Barbara D'Amato said...

Very, very interesting, Kevin. In the last day I've had several people tell me ALL Olympics made money or NO Olympics made money. Not the same people, of course. I'm tending to your skeptical point of view.

Kevin Guilfoile said...

Yeah, I know Barb. Like everything it depends on what you count. I'm no forensic accountant so I can only go by what feels true. It seems to me the Olympics are very unlikely to make money, but that there might be benefits that are impossible to quantify.

Millennium Park was a boondoggle by accounting standards, but I don't know any Chicagoan who wishes we didn't have it. The Olympics might turn out to be the same way. We might end up with some much needed transportation and infrastructure improvements, stuff that would never get approval without the demands of the games. I don't know, and like I said, I'm not against the Olympics in Chicago. When and if they come around, I'll be cheering along with everyone else. But if we get them, I just hope for continued vigilance from guys like David Heinzmann and Ben Joravsky.

Dana King said...

Accountants can probably make just about any Olympics profitable, or not. (Except Montreal. They took un bain.) It depends on how you account for the benefits of the building left behind. If the Olympic Village is used for housing or college dorms (I think one site turned their Village into a prison), then how to account for the benefit of that over time?

It's like a movie. There are accountants who can tell you no movie ever made money. That's why people always ask for points of the gross, not the net.

whet moser said...

Brilliant conspiracy theory; the line about sunsets is also totally perfect.

Bill said...

If the media is right, you couldn't switch your votes -- in the second and third rounds, the only people who got to vote were those in the eliminated city. So, after round 1, the 18 who voted for Chicago got to vote, virtually all of whom went for Rio. Then, the Tokyo supporters got to vote after Tokyo was eliminated.

Kevin Guilfoile said...

Bill, I don't think that's true. It's a secret ballot and you can vote for whomever you want in each round, I believe. The proof is in the numbers. Tokyo got two fewer votes in the second round than they did in the first.

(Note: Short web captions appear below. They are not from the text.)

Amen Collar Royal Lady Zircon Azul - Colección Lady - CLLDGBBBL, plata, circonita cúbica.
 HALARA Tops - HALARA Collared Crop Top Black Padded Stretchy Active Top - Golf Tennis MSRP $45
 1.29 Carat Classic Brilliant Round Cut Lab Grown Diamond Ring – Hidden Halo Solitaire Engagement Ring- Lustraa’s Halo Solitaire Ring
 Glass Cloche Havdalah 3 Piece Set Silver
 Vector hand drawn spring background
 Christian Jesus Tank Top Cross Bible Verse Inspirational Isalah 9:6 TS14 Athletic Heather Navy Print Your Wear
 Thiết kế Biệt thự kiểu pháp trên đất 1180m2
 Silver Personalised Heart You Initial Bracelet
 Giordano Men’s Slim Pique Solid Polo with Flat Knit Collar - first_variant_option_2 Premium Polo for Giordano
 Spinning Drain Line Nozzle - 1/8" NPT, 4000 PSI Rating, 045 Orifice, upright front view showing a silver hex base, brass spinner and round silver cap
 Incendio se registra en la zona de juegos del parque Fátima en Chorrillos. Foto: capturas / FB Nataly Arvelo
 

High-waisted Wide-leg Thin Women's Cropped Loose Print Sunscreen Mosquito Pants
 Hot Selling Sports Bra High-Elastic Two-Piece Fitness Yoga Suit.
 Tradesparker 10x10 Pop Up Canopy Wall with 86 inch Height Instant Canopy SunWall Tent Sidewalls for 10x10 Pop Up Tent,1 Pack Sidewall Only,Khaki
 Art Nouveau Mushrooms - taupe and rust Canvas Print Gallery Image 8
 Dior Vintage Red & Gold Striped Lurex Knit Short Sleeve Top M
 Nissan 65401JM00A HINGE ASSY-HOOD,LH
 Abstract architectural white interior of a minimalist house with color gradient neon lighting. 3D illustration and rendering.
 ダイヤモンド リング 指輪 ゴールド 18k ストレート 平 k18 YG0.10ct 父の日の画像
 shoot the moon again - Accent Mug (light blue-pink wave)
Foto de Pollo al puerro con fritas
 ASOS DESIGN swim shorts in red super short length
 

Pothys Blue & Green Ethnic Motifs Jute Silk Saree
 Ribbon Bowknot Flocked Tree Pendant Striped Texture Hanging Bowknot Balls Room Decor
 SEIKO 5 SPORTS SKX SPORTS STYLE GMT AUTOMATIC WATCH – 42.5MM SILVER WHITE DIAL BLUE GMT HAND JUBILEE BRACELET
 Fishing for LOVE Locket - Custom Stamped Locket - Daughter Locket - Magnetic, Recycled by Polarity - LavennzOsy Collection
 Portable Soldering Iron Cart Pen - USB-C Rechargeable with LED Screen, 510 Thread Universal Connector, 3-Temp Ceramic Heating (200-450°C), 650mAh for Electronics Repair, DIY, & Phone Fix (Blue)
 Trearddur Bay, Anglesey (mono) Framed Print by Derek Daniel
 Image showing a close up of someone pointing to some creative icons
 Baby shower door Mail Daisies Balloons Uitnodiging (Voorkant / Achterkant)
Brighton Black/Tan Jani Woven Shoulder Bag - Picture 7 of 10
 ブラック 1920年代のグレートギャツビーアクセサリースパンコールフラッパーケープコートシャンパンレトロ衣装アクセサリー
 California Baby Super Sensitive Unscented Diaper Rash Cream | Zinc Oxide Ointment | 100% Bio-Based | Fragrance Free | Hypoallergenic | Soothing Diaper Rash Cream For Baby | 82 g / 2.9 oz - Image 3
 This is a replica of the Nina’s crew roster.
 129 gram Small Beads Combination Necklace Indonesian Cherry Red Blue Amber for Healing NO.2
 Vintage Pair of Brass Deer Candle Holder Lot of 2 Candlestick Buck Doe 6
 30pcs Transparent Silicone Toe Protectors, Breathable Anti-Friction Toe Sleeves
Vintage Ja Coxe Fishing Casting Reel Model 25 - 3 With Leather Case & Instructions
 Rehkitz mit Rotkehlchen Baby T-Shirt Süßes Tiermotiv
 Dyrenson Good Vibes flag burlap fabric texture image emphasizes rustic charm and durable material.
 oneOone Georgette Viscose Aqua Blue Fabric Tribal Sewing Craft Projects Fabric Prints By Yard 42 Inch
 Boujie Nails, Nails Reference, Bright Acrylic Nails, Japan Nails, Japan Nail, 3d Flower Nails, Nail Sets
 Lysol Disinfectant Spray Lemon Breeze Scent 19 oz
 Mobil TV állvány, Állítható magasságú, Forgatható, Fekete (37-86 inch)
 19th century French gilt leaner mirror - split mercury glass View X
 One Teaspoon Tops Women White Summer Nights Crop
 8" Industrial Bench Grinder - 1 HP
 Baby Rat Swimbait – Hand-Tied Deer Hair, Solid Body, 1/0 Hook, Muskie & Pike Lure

Since everybody who voted for Tokyo in round one was also eligible in round two, then at least two IOC members (and maybe more--two presumes NONE of the Chicago votes went to Tokyo in round two) either switched their vote or took a smoke break.

This is the idlest kind of speculation, obviously. For entertainment purposes only.

Bill said...

I thought about it some more, and what I said wouldn't matter anyway, because in the end the "faux-Tokyo-actual-Rio" voters get to vote again, so your theory works regardless. Eric Zorn of the Tribune explained how it worked-- in the second round the Chicago voters gave their second choice; in the third round, the Tokyo voters gave their second choice (or third choice, if the second had been Chicago). But since the vote tallies in the second round had Tokyo dropping (and apparently one more vote cast than in the first round), he must have been mistaken, and all folks could change their vote.

Kevin Guilfoile said...

Bill, I think you've described exactly how it's supposed to work in theory: In the first round, everyone votes their first choice. In the second round, Madrid, Rio, and Tokyo voters would vote again for those cities while the Chicago voters (and newly eligible voters from the US) would vote their second choice. Clearly in this case, some number of IOC members did not vote their first choice in the first round. Were just speculating why that is.

I suspect it's a method of trying to game the system (and this is probably not the first time it's been done). And I'm not suggesting anything was done outside IOC rules. That's just the nature of the secret ballot.